§ **Provided data**:
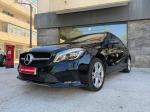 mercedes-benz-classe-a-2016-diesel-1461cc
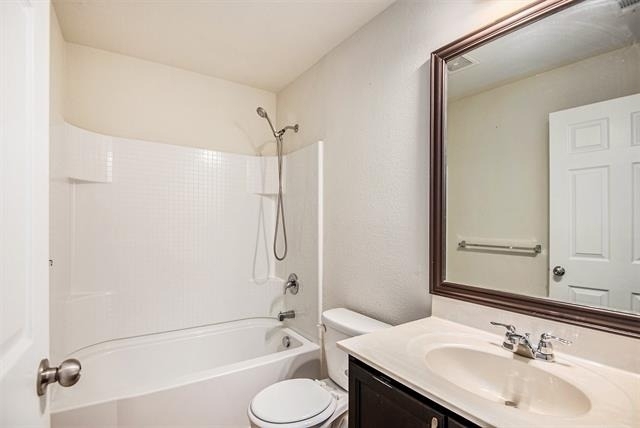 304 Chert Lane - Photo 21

---

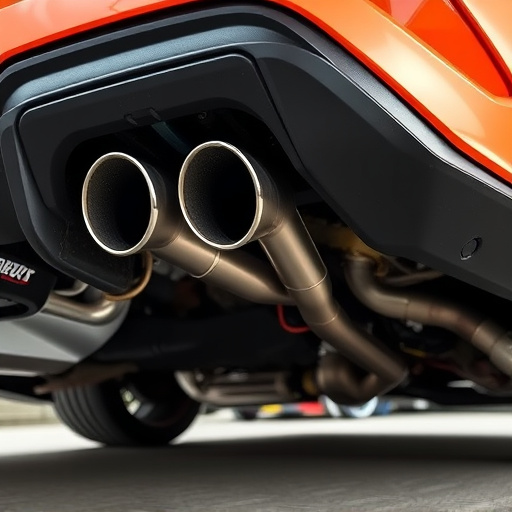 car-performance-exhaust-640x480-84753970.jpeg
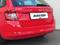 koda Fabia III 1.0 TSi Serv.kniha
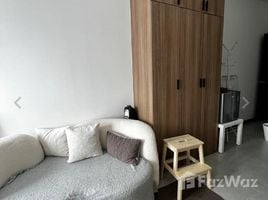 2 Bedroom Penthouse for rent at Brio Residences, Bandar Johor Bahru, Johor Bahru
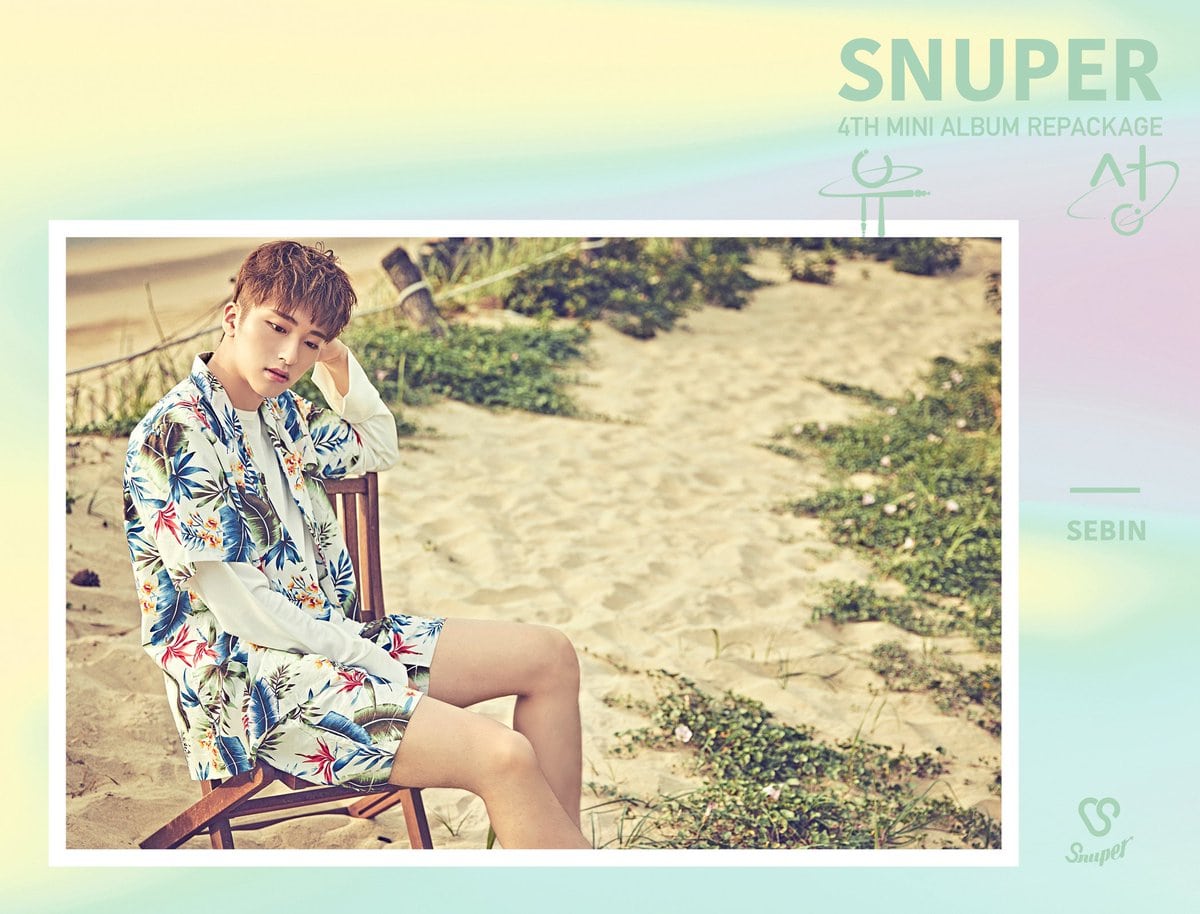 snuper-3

§ **Task directions**: Copy only these lines from the records above, exactly: the one with "mercedes-benz-classe-a-2016-diesel-1461cc", the one with "304 Chert Lane - Photo 21", and those between. Skip the pictures.

§ **Exercise answer**:
 mercedes-benz-classe-a-2016-diesel-1461cc
 304 Chert Lane - Photo 21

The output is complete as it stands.